(Dataset extract)
- - - -

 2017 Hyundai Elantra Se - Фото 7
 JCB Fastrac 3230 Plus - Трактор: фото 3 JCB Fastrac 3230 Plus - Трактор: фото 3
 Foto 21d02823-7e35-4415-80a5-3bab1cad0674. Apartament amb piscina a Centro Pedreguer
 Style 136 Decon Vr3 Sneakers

- - - -

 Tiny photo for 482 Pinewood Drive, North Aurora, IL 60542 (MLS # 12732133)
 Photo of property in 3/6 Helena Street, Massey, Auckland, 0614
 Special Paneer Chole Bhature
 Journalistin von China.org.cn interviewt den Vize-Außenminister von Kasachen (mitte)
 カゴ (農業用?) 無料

- - - -

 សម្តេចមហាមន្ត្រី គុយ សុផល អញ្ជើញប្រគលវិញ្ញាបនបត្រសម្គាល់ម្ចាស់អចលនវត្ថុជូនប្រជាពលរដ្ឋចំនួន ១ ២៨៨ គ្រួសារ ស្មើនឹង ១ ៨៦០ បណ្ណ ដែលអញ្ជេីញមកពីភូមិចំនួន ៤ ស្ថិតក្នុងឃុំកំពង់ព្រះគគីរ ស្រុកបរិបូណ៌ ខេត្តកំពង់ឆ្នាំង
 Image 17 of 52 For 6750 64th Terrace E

- - - -

The response must hold only the lines above from the line with "JCB Fastrac 3230 Plus - Трактор: фото 3 JCB" through the line with "Style 136 Decon Vr3 Sneakers", each copied exactly, both ends kept.

(Answer section)
 JCB Fastrac 3230 Plus - Трактор: фото 3 JCB Fastrac 3230 Plus - Трактор: фото 3
 Foto 21d02823-7e35-4415-80a5-3bab1cad0674. Apartament amb piscina a Centro Pedreguer
 Style 136 Decon Vr3 Sneakers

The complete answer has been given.